Ali Yazdani (born 1967) is an American physicist who focuses on understanding new quantum phases of matter. He is currently the James S. McDonnell Distinguished University Professor at Princeton University and the co-director of the Princeton Quantum Initiative. Yazdani is known for his research in advancing our understanding of emergent quantum phenomena by the application and development of high-resolution quantum microscopy techniques to directly visualize highly entangled quantum states of matter.

== Biography ==
Yazdani was born in 1967 and raised in Tehran, Iran, prior to immigrating to California, USA. He received his BA in Physics with high honors from UC Berkeley in 1989, and his Ph.D. in Applied Physics from Stanford University. After working as a postdoctoral scientist at the International Business Machines Corporation (IBM) with Don Eigler he started his own independent research group at the University of Illinois Urbana-Champaign before joining the Princeton University's Physics Department in 2005. In 2015, he was named the Class of 1909 Professor of Physics at Princeton and the Director of the Princeton Center for Complex Materials (PCCM), a material research science and technology (MRSEC) center supported by the National Science Foundation. In 2024, he stepped down as PCCM director, became the co-director of Princeton Quantum Initiative and was named the James S. McDonnell Distinguished University Professor.

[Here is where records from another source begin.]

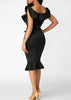 Vestido com Babado na Barra e no Ombro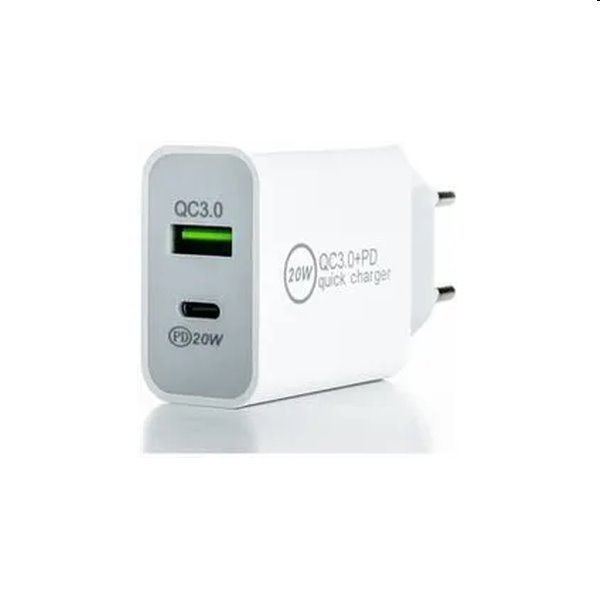 ER POWER Hálózati töltő  USB-C/USB-A, PD, QC, 20W, fehér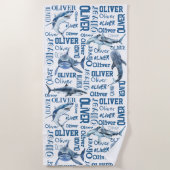 Personalisierte Jungen mit Hai-Collage Strandtuch (Vorderseite)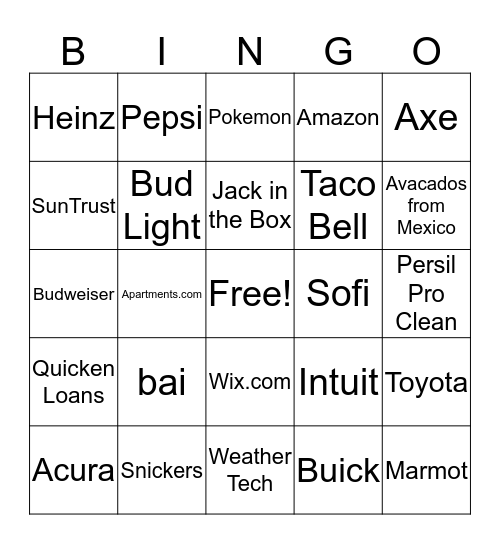 Super Bowl Commercials Bingo Card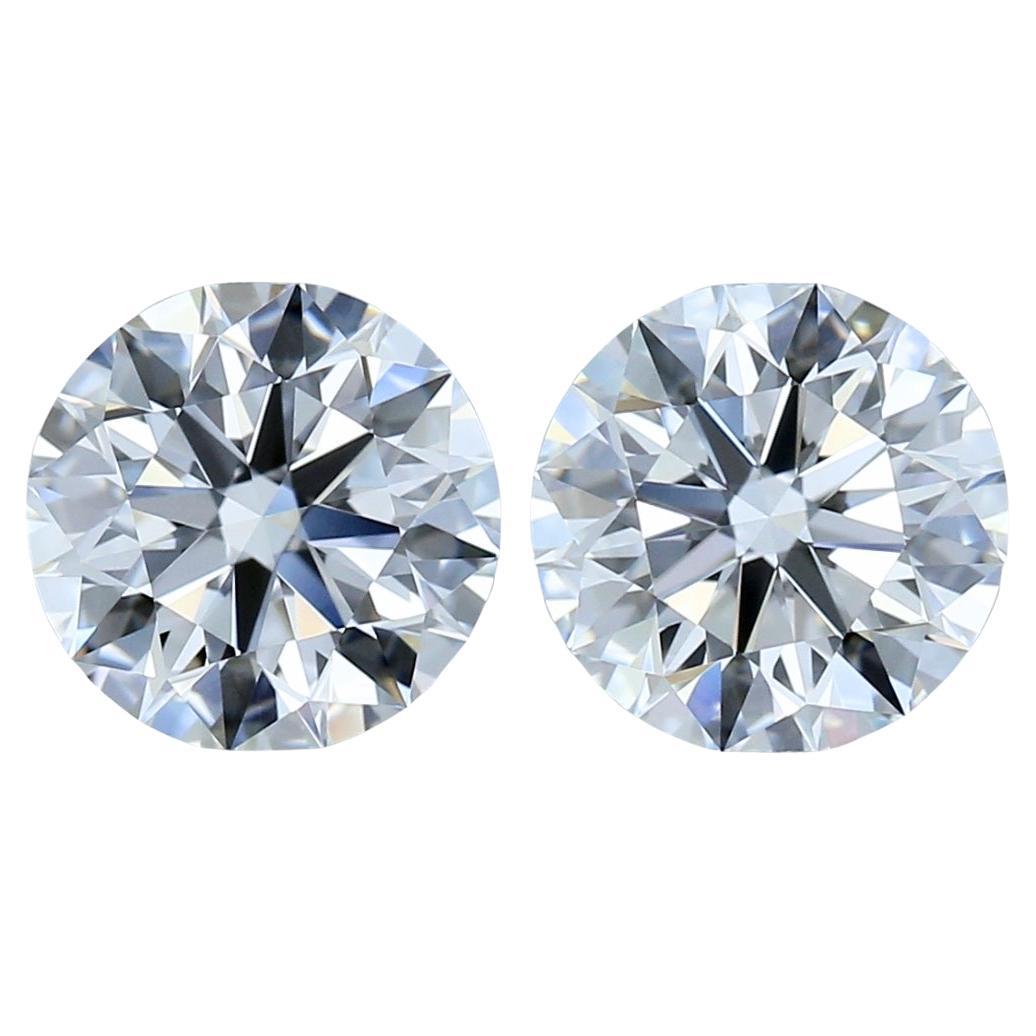 Paire de diamants taille idéale de 2,02 carats, certifiés GIA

Yazdani has held visiting professorships at Stanford and at Cambridge University (Trinity College) in the UK and has been a Loeb Lecturer at Harvard. For his research accomplishments, Yazdani has been recognized by several awards and honors, including a Humboldt research award, and has been elected a fellow of the American Physical Society, the American Association for Advancement of Science, and the American Academy of Arts and Sciences. In 2019, he was elected a member of the National Academy of Sciences. Together with Seamus Davis, he was awarded the 2023 Buckley Prize from the American Physical Society.

== Awards and honors ==
- Gordon and Betty Moore Foundation Experimental Investigator since 2008.
- Fellow of the American Physical Society (2009)
- Fellow of the American Association for the Advancement of Science (2012)
- Humboldt Research Award (2014)
- Fellow of the American Academy of Arts and Sciences (2015)
- Member of the National Academy of Sciences (2019).
- Oliver E. Buckley Condensed Matter Prize (2023)
- Fritz London Memorial Prize (2025)

==Personal life==
Yazdani married Adele Goldberg, currently a professor of psychology at Princeton, in 1994 and they have two children.